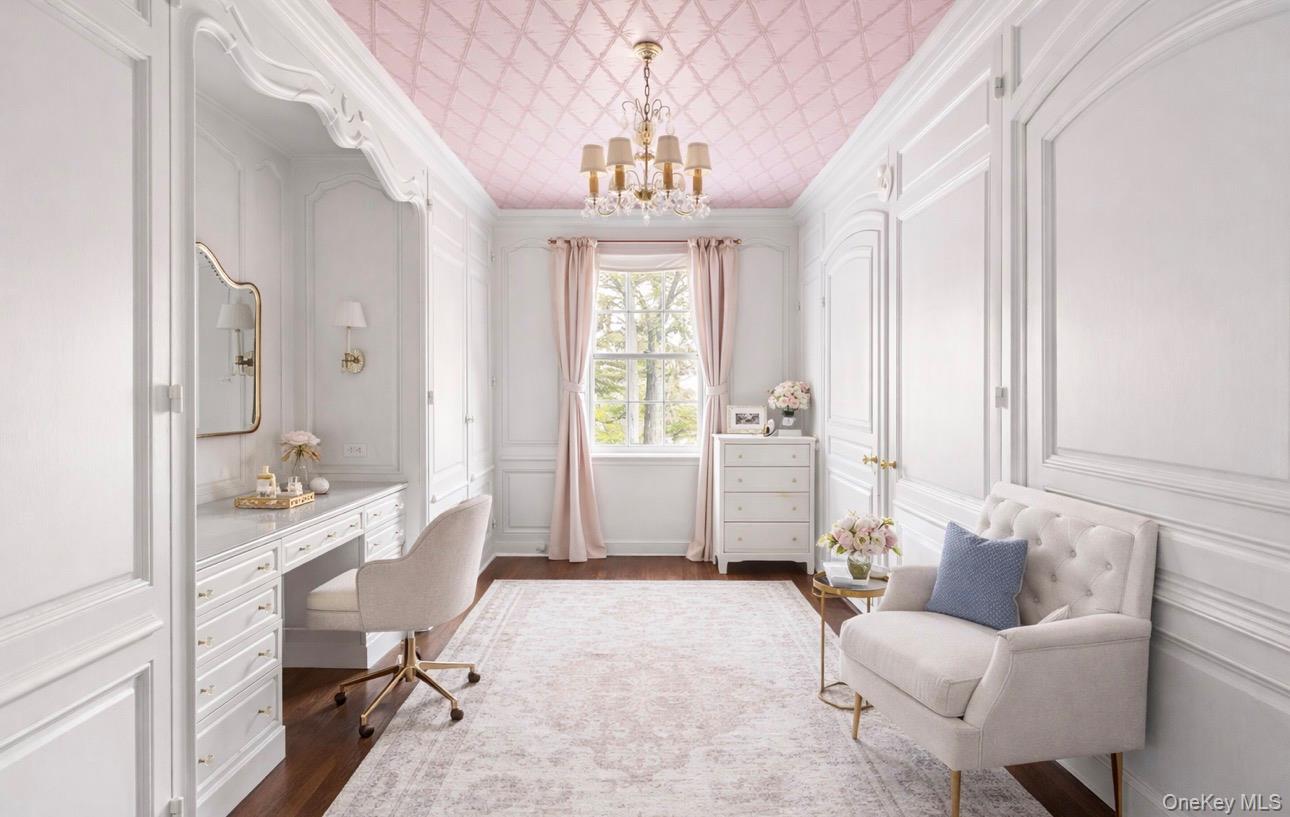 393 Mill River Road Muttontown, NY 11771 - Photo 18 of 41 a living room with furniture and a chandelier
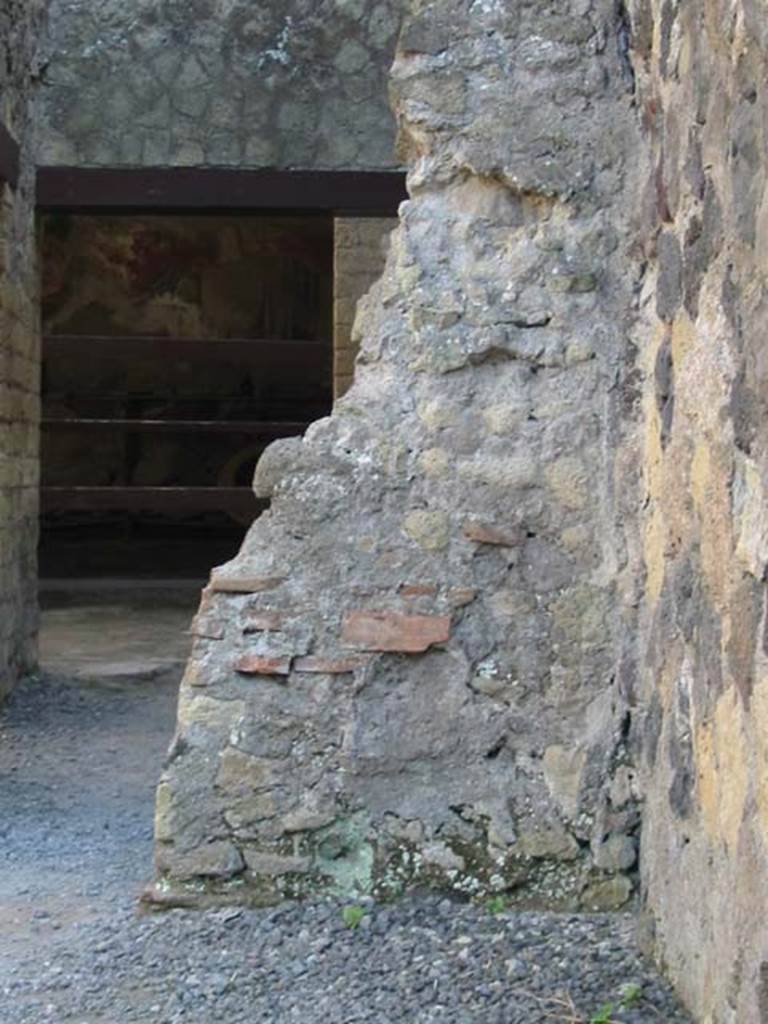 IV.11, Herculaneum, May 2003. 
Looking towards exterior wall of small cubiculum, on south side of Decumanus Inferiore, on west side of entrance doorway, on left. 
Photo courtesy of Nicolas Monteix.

* * *

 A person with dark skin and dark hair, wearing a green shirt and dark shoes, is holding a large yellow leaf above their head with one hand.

* * *

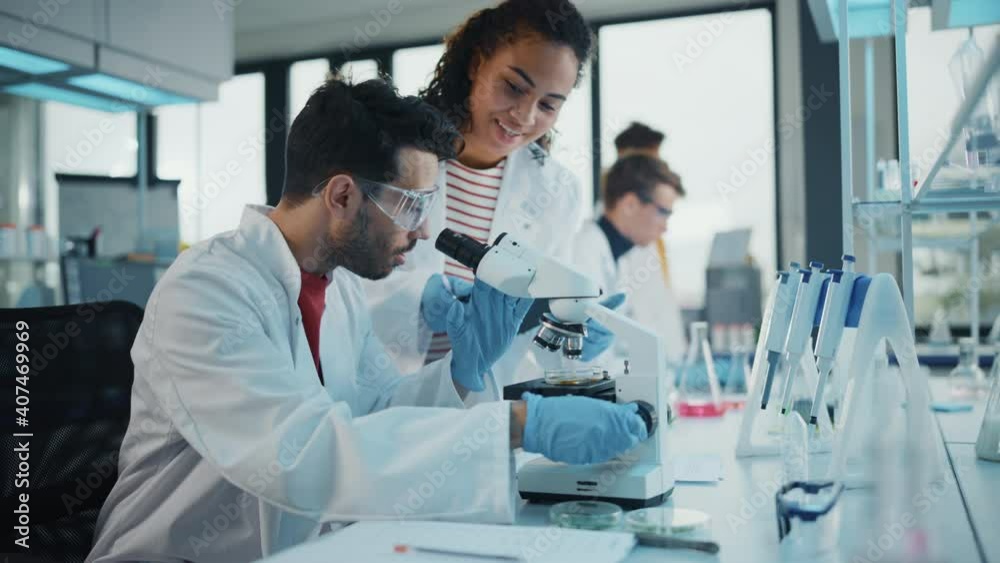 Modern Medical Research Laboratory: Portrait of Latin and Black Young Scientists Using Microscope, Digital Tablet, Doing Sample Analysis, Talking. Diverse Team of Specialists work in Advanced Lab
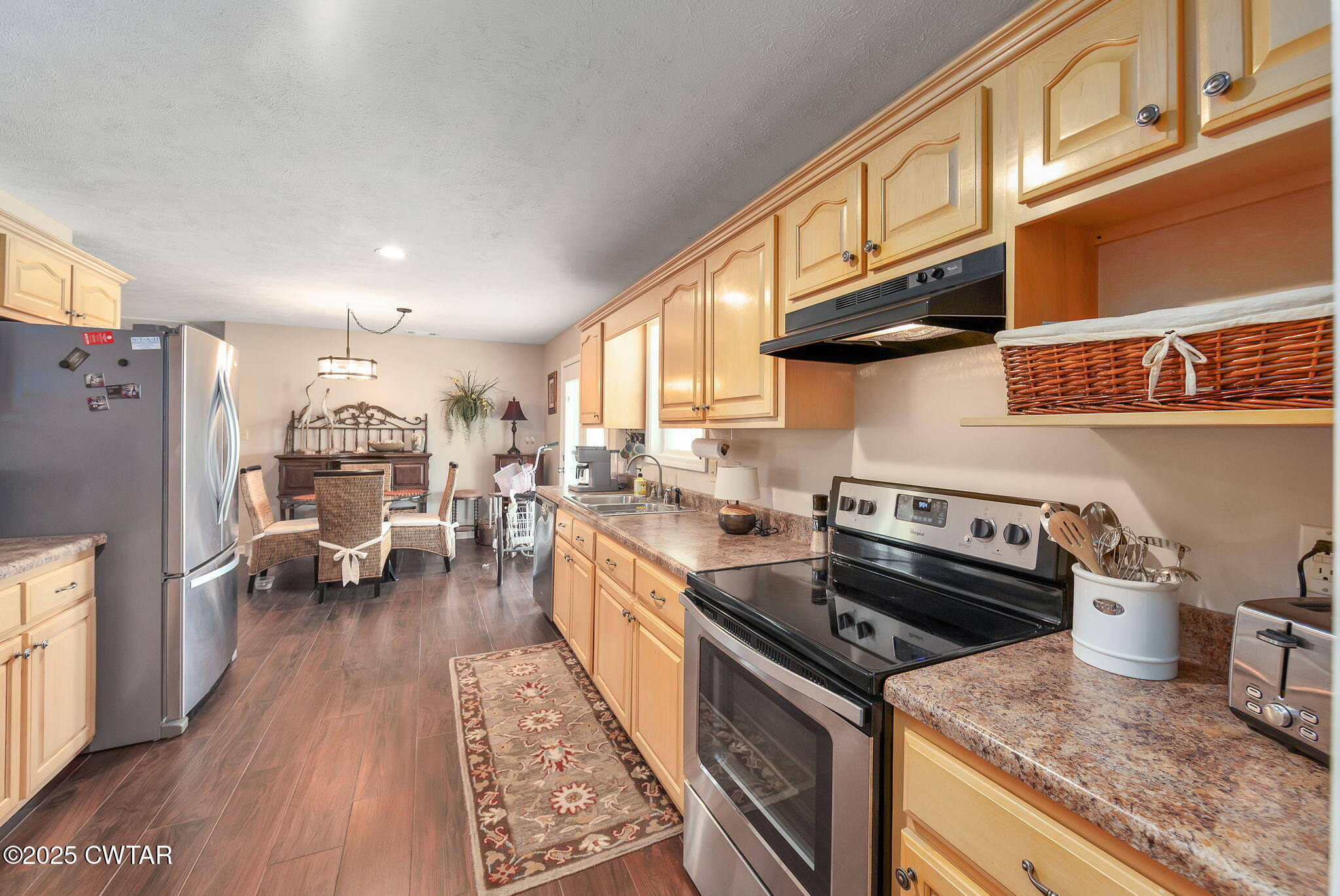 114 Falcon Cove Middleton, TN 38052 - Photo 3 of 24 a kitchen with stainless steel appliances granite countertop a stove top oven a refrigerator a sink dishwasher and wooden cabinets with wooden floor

__Exercise__:
Copy nothing but the lines above from the one with "Modern Medical Research" to the one with "114 Falcon Cove", inclusive, word for word. Leave every picture out.

__Written answer__:
 Modern Medical Research Laboratory: Portrait of Latin and Black Young Scientists Using Microscope, Digital Tablet, Doing Sample Analysis, Talking. Diverse Team of Specialists work in Advanced Lab
 114 Falcon Cove Middleton, TN 38052 - Photo 3 of 24 a kitchen with stainless steel appliances granite countertop a stove top oven a refrigerator a sink dishwasher and wooden cabinets with wooden floor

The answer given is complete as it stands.